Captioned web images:

---+---

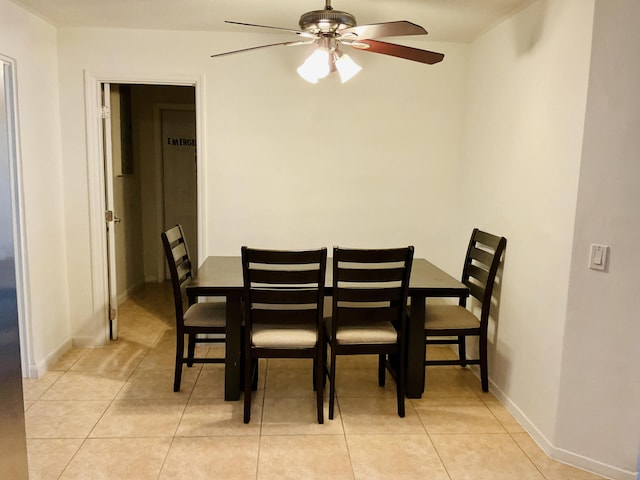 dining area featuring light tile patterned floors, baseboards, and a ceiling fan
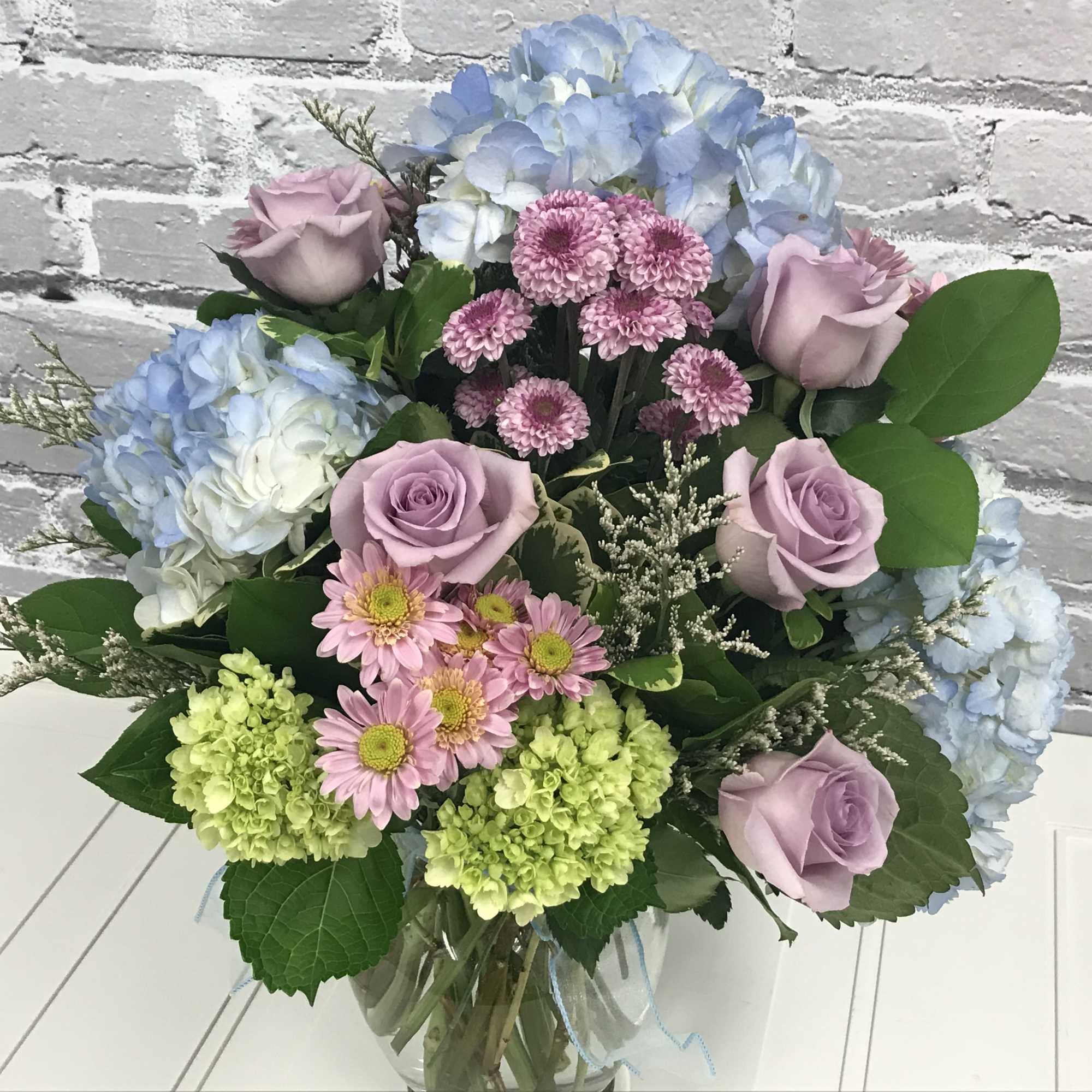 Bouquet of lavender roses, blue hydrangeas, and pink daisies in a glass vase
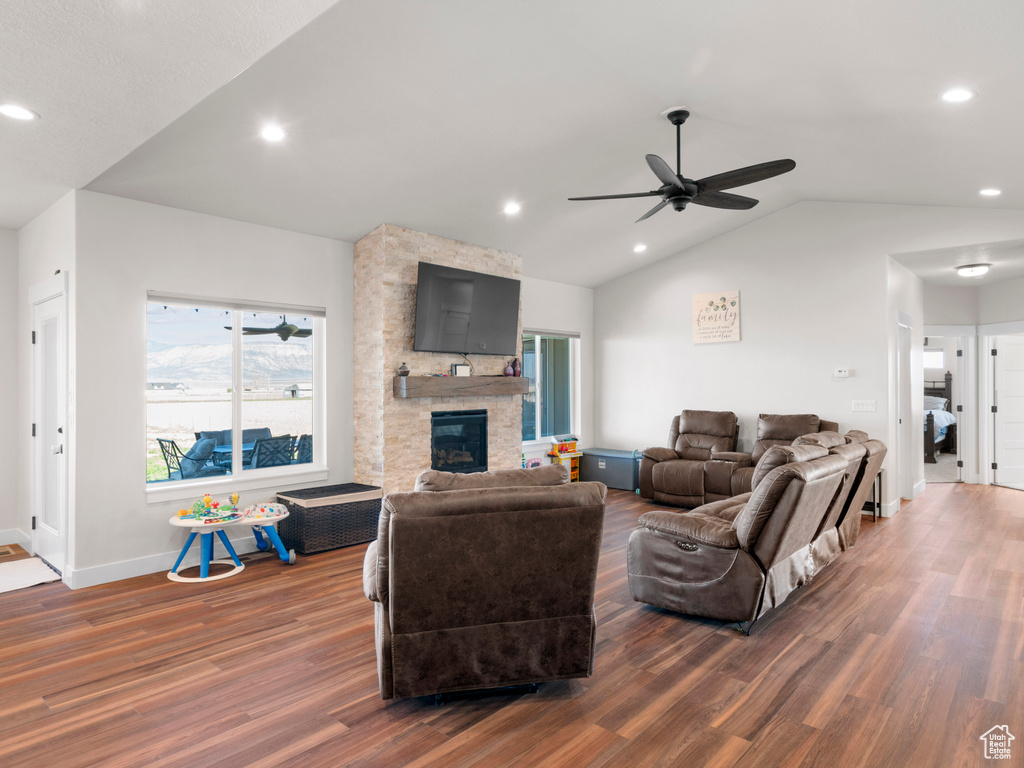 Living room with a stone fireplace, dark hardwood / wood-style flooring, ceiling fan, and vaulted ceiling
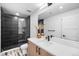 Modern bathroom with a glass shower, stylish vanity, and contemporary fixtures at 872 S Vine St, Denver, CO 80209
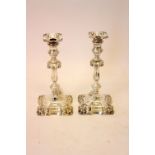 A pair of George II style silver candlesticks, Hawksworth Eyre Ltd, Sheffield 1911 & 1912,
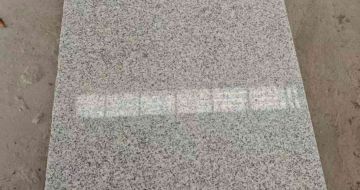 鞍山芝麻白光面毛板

---+---

- _WORK REQUEST_
Each line above has to be returned exactly. Drop the pictures.

- _ANSWER TO THIS TASK_
 dining area featuring light tile patterned floors, baseboards, and a ceiling fan
 Bouquet of lavender roses, blue hydrangeas, and pink daisies in a glass vase
 Living room with a stone fireplace, dark hardwood / wood-style flooring, ceiling fan, and vaulted ceiling
 Modern bathroom with a glass shower, stylish vanity, and contemporary fixtures at 872 S Vine St, Denver, CO 80209
 A pair of George II style silver candlesticks, Hawksworth Eyre Ltd, Sheffield 1911 & 1912,
 鞍山芝麻白光面毛板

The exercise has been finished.